Ehrmantraut counseling image

Ehrmantraut counseling

March 4, 2016

Had a few emails over the last few weeks with people who are going through difficult breakups, the winter always a good time for such things.  It’s always hard to know what to say, or if to say anything at all, but when I do I most often seems to opt for blunt and not to rose-tinted about such things, and very often the problems that lead to breakups are easy to see.  A mate rang me a few months ago who had only just got married, but things were not going well already, his lifestyle just not conducive to both parties being happy.  I knew that most people would give him the same old advice, to stick it out, marriage guidance, that things would get better, but I just said “you’ll never change, and therefore your wife will always be unhappy if she loves love, and the second she stops loving you in order to survive, why be married?”.  I guess that’s the kind of relationship advice that Mike Ehrmantraut from Breaking Bad would give someone.  Tough love is hard, but often it’s the only way, as people can just lose their minds when it comes to relationships (having a baby, getting married etc in the hope that it will work out).  My most sage advice to anyone having trouble (this will save your $$$$ in marriage counselling) is simple go on holiday, just 1:1 and after two weeks if you don’t like each other then split up).

The other night we got into a conversation in the car about men seeing prostitutes, men who were married.  Being the contrary man I am I said that I got it, that I’d seen and met enough people late in life who it would make sense to them at that moment.  They love their wife, they love their kids, they love their life, but something is missing.  “Fine then they should split up if he wants to shag someone” was the universal answer, but then I thought about the many people I know that almost a lifetime later was still un-mended from such a black and white moral view of relationships.  People are just odd and fucked up and weird.
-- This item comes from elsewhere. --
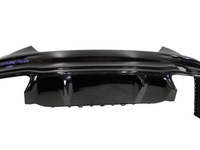 фото thumb №1, Mercedes e w213 213 lift диффузор задний 53 amg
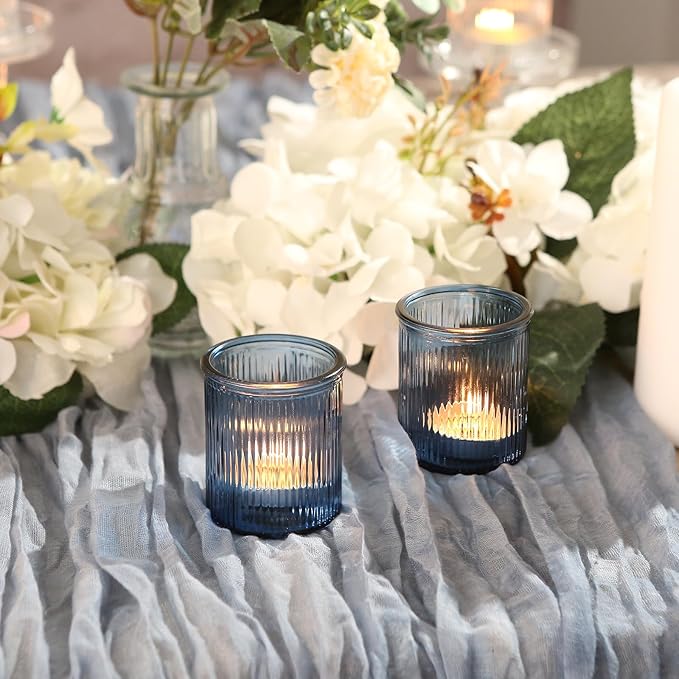 36pcs Votive Candle Holders, Tea Lights Candles Holder - Image 7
I’d give them a little more slack I guess.

Someone I was talking to told me how hard they were finding breaking up like it was all they could think about day and night.  It was driving them mad.  I knew her partner, and he seemed unsure if to go cold turkey and just stay away and keep in touch.  I told him that someone once told me that breaking up can be like pulling out a really, really bad splinter, a long shard stuck right through your heart.  “You can tug it out millimetre by millimetre,” they said “or you can rip it out”.  That image stayed with me, and I’d passed it on - well I used to - but not anymore.  Now I think one is like someone dying slowly, day by day, the other one dead and gone just like that, both are about the death of someone, and the weight of that cannot be lifted by any stupid analogy.  The only problem is that the slow approach is like dying, the fast just bleeding out, there is no easy way to do it.  It’s just the act of grieving, something you can’t shirk, coming sooner or later (denial, anger, bargaining, depression and finally acceptance).

People seem to look for advice in such times, not that they need it, but I think they hope that talking about it will tip out some of the pain.  It doesn’t work, but what I say is try and really come to terms with the reality of what has gone and the reality of now and the future.  The sun always comes up, eventually.

But often the Mike Ehrmantraut gets the better of me, and I can’t help slap people around, to knock some reality into someone, that often that grief is not worth it, love one-sided or simply an illusion.  True love is when both parties feel lucky to be the other.  Once that balance is lost you’re fucked.  Some mistake love for something else, something more practical, that people are scared about being alone, that now their stuff is mixed with yours it’s just a faff even if you don’t really like each other anymore.  It’s cheaper living together etc.  Like I say people are strange creatures, they frit away a life just like that.  But then the other day someone told me how heartbroken she was, like devastated, had no idea how she could go on.  She told me about her ex’s advice to her on how he was dealing with it: “just imagine your feelings are like a CD and just change it” was all he could come up with.  At this, my Mike Ehrmantraut side came on strong, and I guess if the man speaking those words had been in front of me I’d have pistol-whipped him to the ground.  What she had to understand was that no one who could say those words to someone in the pain of lost love, let alone actually believe them, or find they worked, know anything about love.  They were trash and that perhaps they were not worth the first four stages of grief, but instead a quick run of the ladder of lost love to acceptance.  Well, that’s what Mike would have said (plus maybe some light knee capping thrown in).